Of the 21,755 bovine genes, 4,567 genes (21%) are alternatively spliced, compared to 16,715 (68%) in human and 16,491 (57%) in mouse. Gene-level analysis of the orthologous set suggested that bovine genes show fewer AS events compared to human and mouse genes. A detailed examination of cassette exons across human and cow for 94 human disease genes, suggested that a majority of cassette exons in human were present and constitutive in bovine as opposed to intron retention which exhibited 50% of the exons as present and 50% as absent in cow. We observed that AS plays a major role in disease implications in human through manipulations of essential/functional protein domains. It was also evident that majority of these 12 genes had conservation of all essential domains in their bovine orthologous counterpart, for these human diseases.
While alternative splicing has the potential to create many mRNA isoforms from a single gene, in cow the majority of genes generate two to three isoforms, compared to six in human and four in mouse. Our analyses demonstrated that a smaller number of bovine genes show greater transcript diversity. GO definitions for bovine AS genes provided 38% more functional information than currently available in the sequence database. Our protein domain analysis helped us verify the suitability of using bovine as a model for human diseases and also recognize the contribution of AS towards the disease phenotypes.
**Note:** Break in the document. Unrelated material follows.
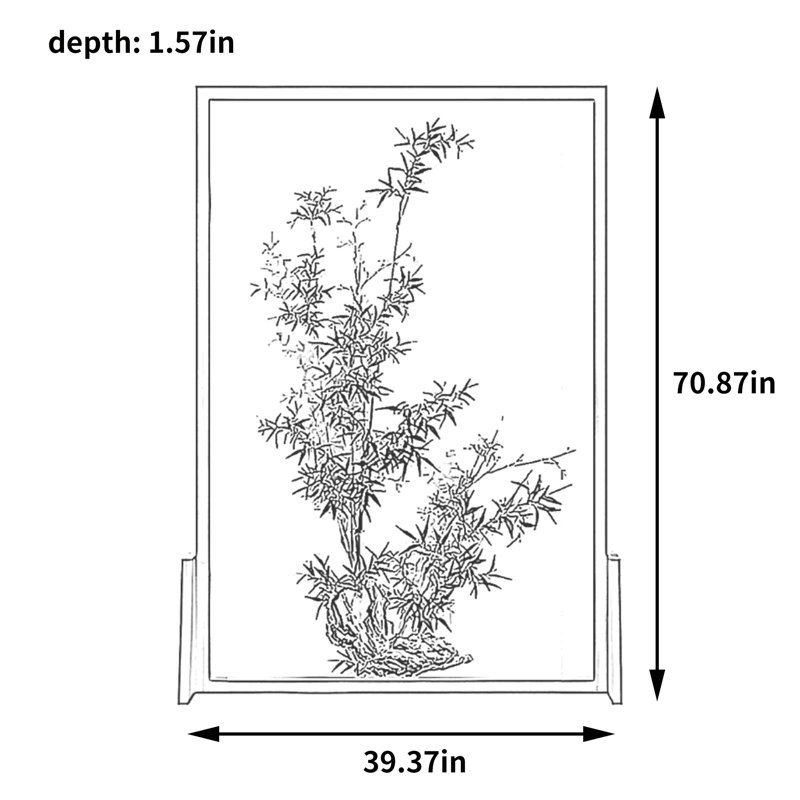 Paravent en bambou, H 70,87 po x l 39,37 po x P 1,57 po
Protein diversity in eukaryotic genomes is mainly credited to alternative splicing (AS). It is a fundamental mechanism by which a single pre-mRNA can produce more than one transcript. It is also considered by many to be an important mechanism for controlling gene expression . The introns in the pre-mRNA are spliced out and the exons are united in different combinations leading to a change in the primary transcript structure. This change in transcript structure can affect the encoded protein thereby disrupting its structure and also its function. The disruption in the protein structure and function brought about by AS are frequently associated with diseases . Results from previous studies indicate that more than 60% of human genes are alternatively spliced [3–9].
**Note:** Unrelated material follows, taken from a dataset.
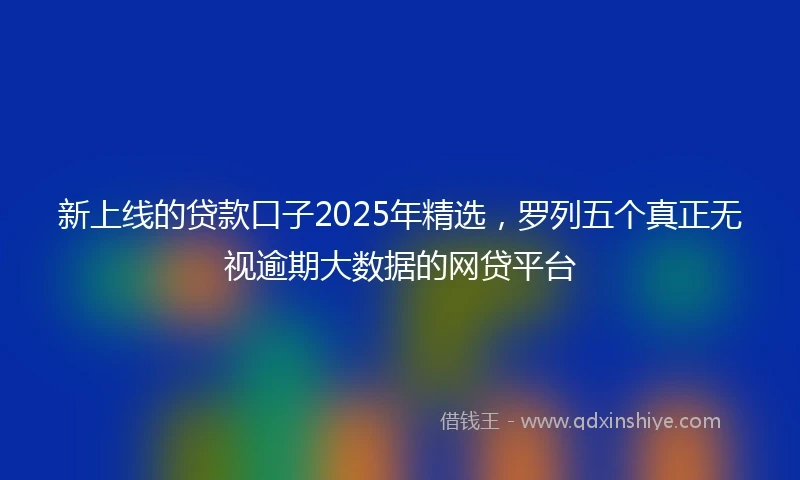 新上线的贷款口子2025年精选，罗列五个真正无视逾期大数据的网贷平台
Association of AS with many diseases such as cardiovascular, cancer and neurodegenerative disorders sheds light on the fact that it is crucial to conduct an in-depth study on AS . Analyses have also shown that 15% of point mutations that cause genetic disease affect pre-mRNA splicing , providing a link between AS events and inherited genetic diseases.
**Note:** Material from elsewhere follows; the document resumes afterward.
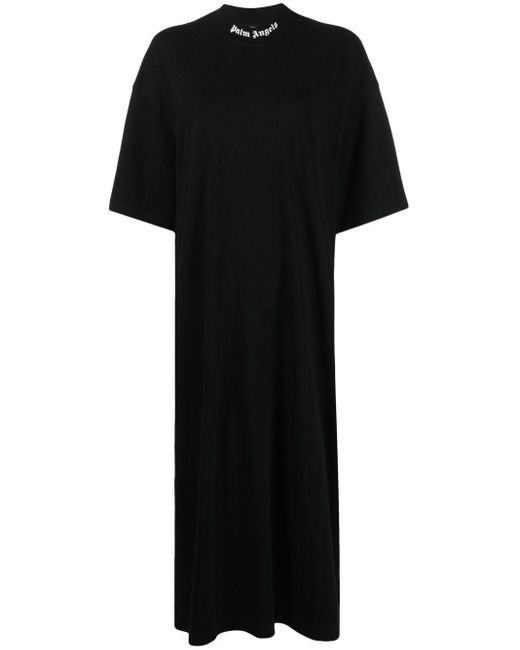 Palm Angels Black Logo-print T-shirt Maxi Dress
Large scale sequencing of eukaryotic genomes and the knowledge of AS being an important player in controlling gene regulation has seen the emergence of several efforts [3–9] to create bioinformatics resources on alternative transcripts and protein isoforms . Conflicting results from previous analyses aiming to compare the rate of alternative splicing between different organisms contradict AS databases who discuss genome-wide computational analysis. All vertebrates and invertebrates showed a similar rate of alternative splicing with respect to both the number of genes affected and the number of variants per gene in a large-scale expressed sequence tag (EST) analysis across distinct eukaryotes by Brett and coworkers . On the contrary considerable variation in the rates of alternative splicing across organisms was reported by Lee and co-workers . Understanding the phenomenon of AS is difficult as these databases do not provide sufficient information for multi-gene comparison across various species. ASAP II  concentrates mainly on comparative and evolutionary studies. ECGene  provides functional annotation for AS genes in various genomes. Alternative Splicing Transcript Database (ASTD) [3, 4] does an exhaustive analysis of AS events in three species, namely human, mouse and rat. Representing the transcripts and their relation to each other has become extremely complicated due to the increasing number of transcripts for each gene. This has seen the dawn graph theory and its application to represent a gene transcript. Graph theory is a prominent concept that has been used to express transcripts and capture their relation, among many other solutions. The language of graph theory offers a mathematical abstraction for the description of biological relationships . Modrek and Lee used directed acyclic graphs for EST analysis, with the genomic DNA sequence as reference . Pevzner and coworkers  were the first to use de Bruijn graphs to depict the transcripts alone, without referring to the genomic DNA sequence, where the maximum common sub-sequences between transcripts were condensed into nodes and the variable regions connected by edges. Alternative Splicing Gallery (ASG) resource uses such an approach .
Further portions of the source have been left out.